A creator in Lagos makes a video. Gets 2 million views. A US platform pays them in USD. Here's what actually happens to the money:
30% platform cut. Tax withheld at source. USD converted to local currency — 2–3% FX spread. Two-week settlement delay. Zero ability to price individual pieces of content.
They made the content. They can't access the money.
That model is the same in Lagos, Jakarta, São Paulo, and Mumbai. Almost none of the $250B creator economy runs on payments that actually work for creators.
The underlying math: the platform takes 30%. Taxes take another chunk. Conversion takes another. The creator net-receives maybe 55 cents on every dollar their audience generates.
Stablecoins fix every single one of those problems:
Instant global settlement. No 2-week delays.

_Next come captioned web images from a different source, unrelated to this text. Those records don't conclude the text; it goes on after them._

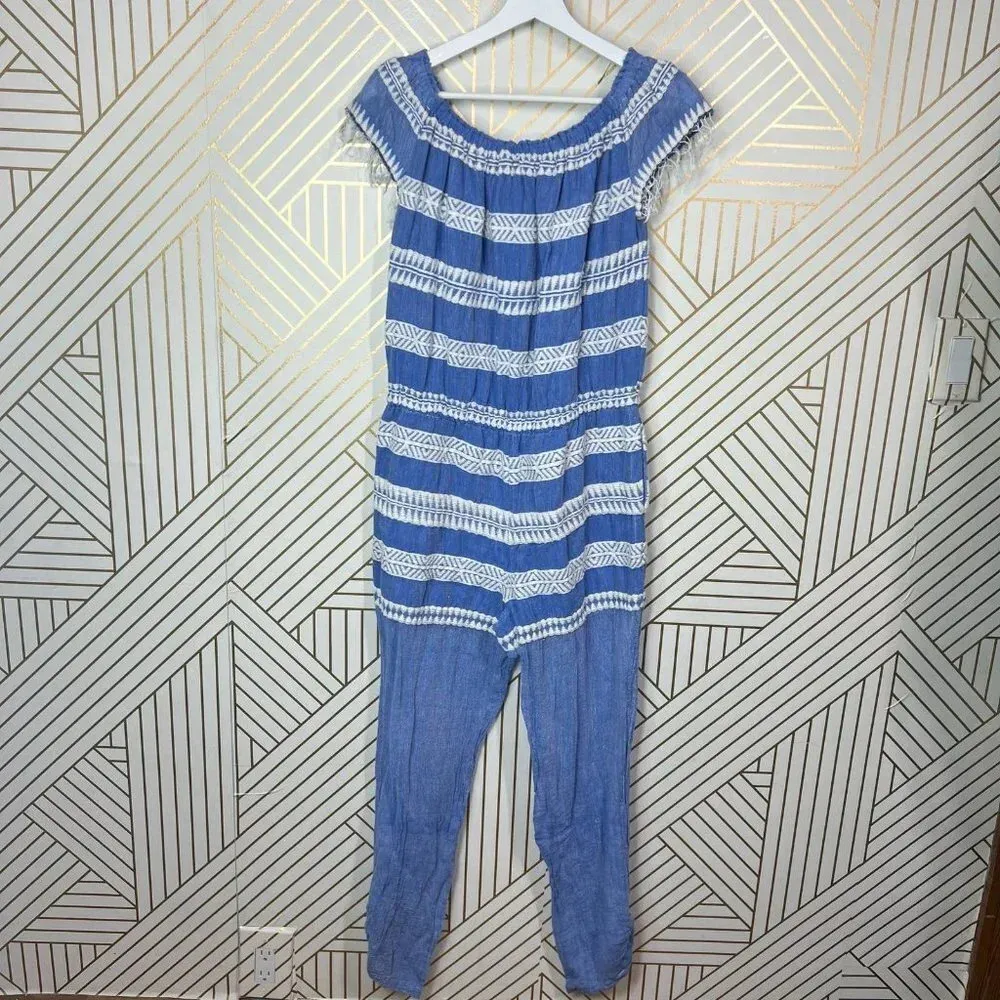 Lemlem Freya Off The Shoulder Embroidered Gauze Jumpsuit Blue Size‎ US Medium - Image 5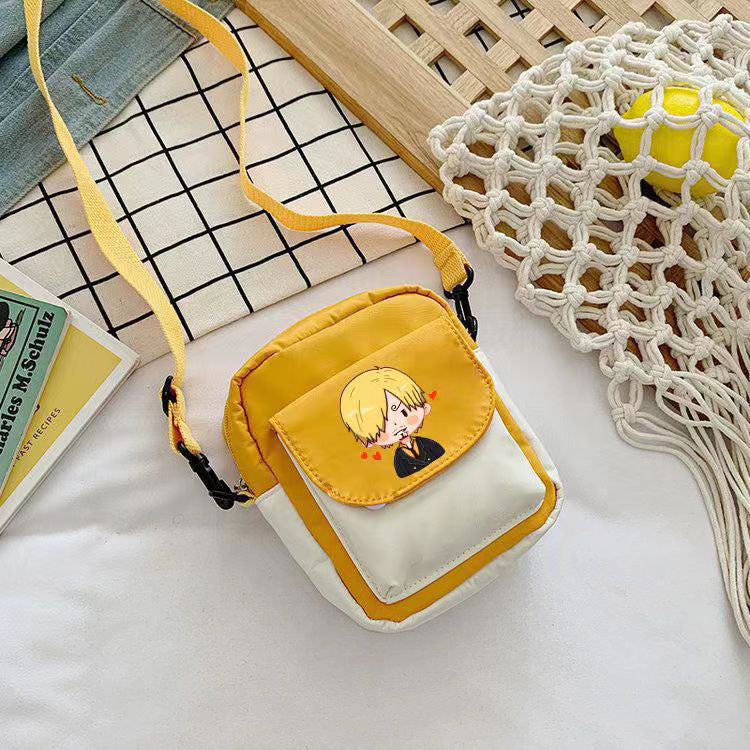 One Piece Anime Mini Crossbody Bag, Luffy Zoro Nami Chopper Sanji Character Print Small Shoulder Purse, Cute Canvas Sling Bag, Anime Fan Daily Messenger Bag Gift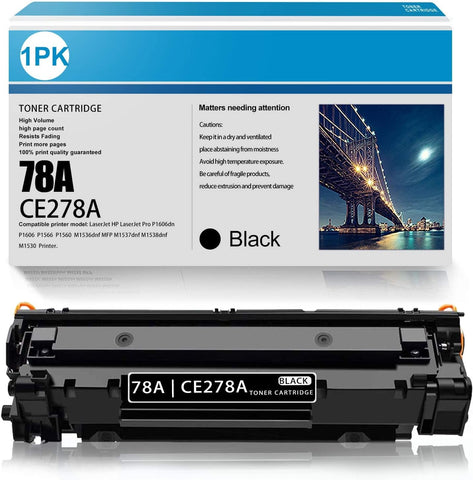 1 Pack Black High Yield Toner Cartridge 78A | CE278A Replacement for HP Pro P1606dn P1606 Printer P1566 Printer P1560 Printer M1536dnf MFP M1537dnf MFP M1538dnf MFP M1530 MFP Printer.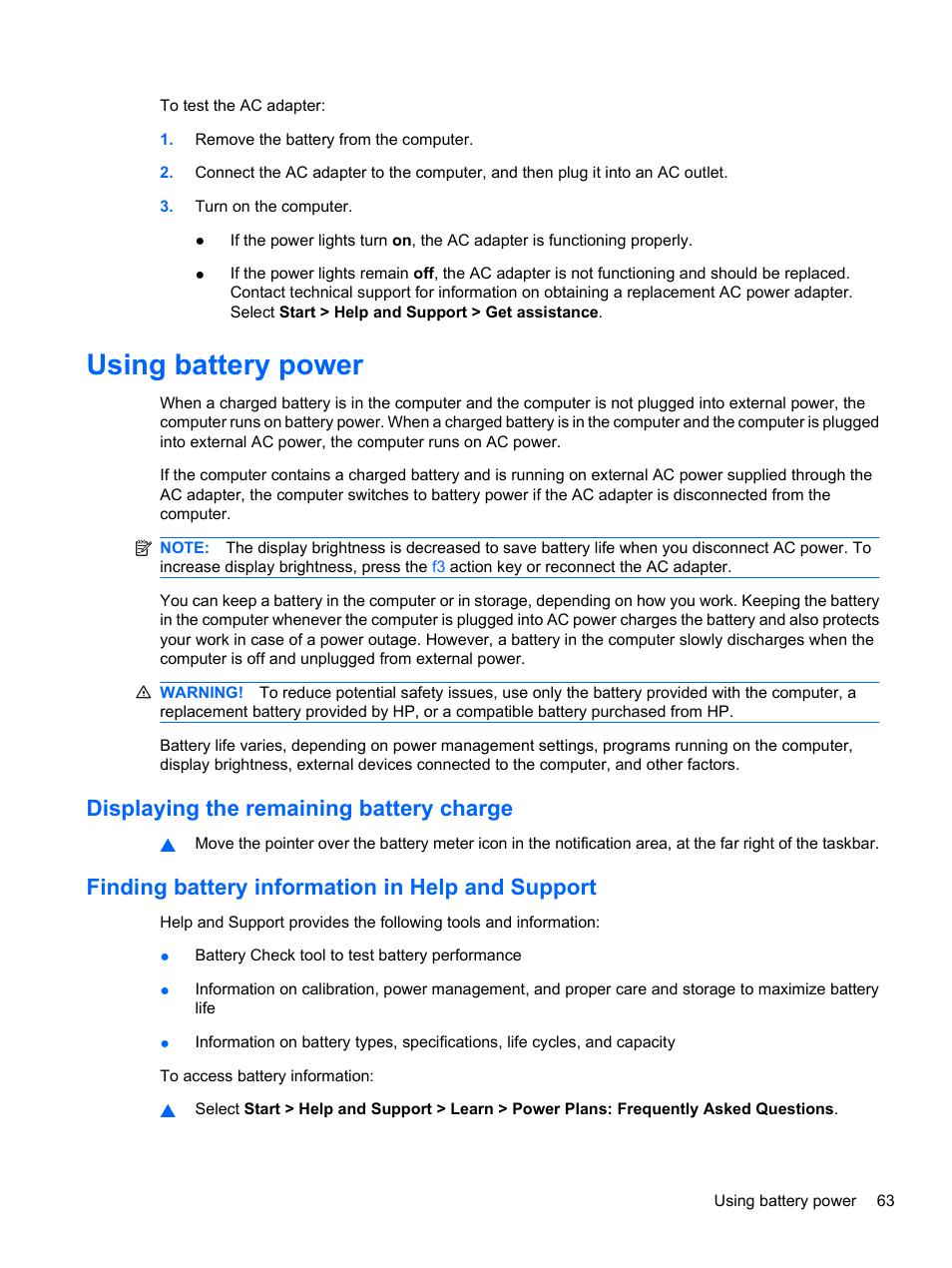 Using battery power, Displaying the remaining battery charge, Finding battery information in help and support | HP Compaq Presario CQ42-210AU Notebook PC User Manual | Page 73 / 119
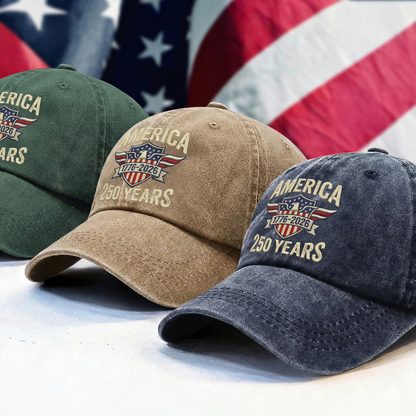America 250 Years Strong – Patriotic Gift for America’s 250th Anniversary for Americans – Personalized Washed Denim Baseball Cap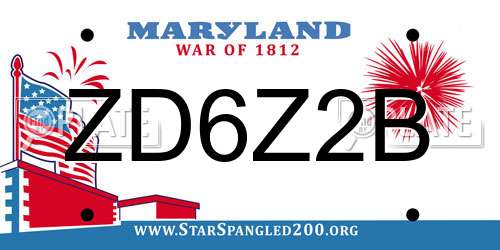 ZD6Z2B Maryland License Plate
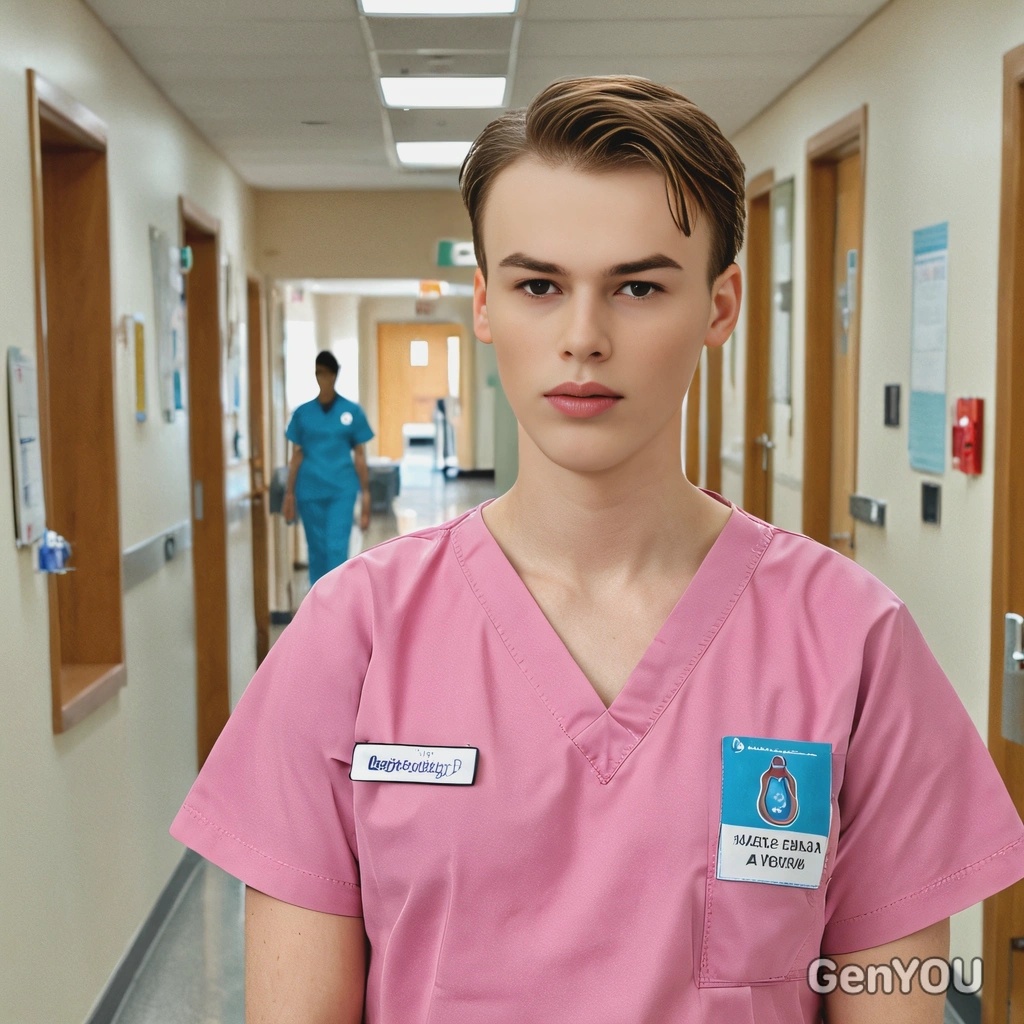 as a nurse in scrubs, standing in hospital hallway, half body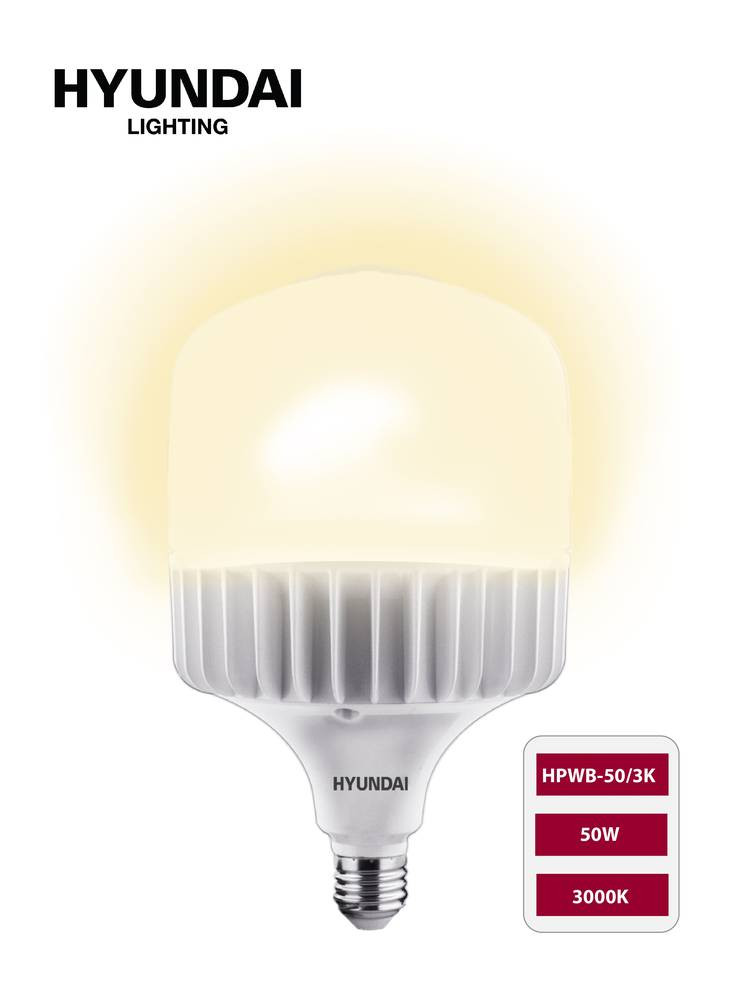 Hyundai HPWB Filament Bulb E27 Base - 3000K Yellow Light (50W)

USD-denominated payments to anyone, anywhere, without a US bank account.
Micropayments at fractions of a cent — economically impossible on card rails.
Programmable splits at settlement: platform 70%, creator 28%, rights holder 2% — automatic, no reconciliation.
The creator economy won't switch to stablecoin payments because someone convinces them crypto is good. They'll switch the moment the infrastructure makes it easier, cheaper, and faster than the current model.
That moment requires pull payments, programmable splits, micropayment support, and instant global settlement. The full stack.
The market is $250B and ready for better infrastructure. The infrastructure is the product.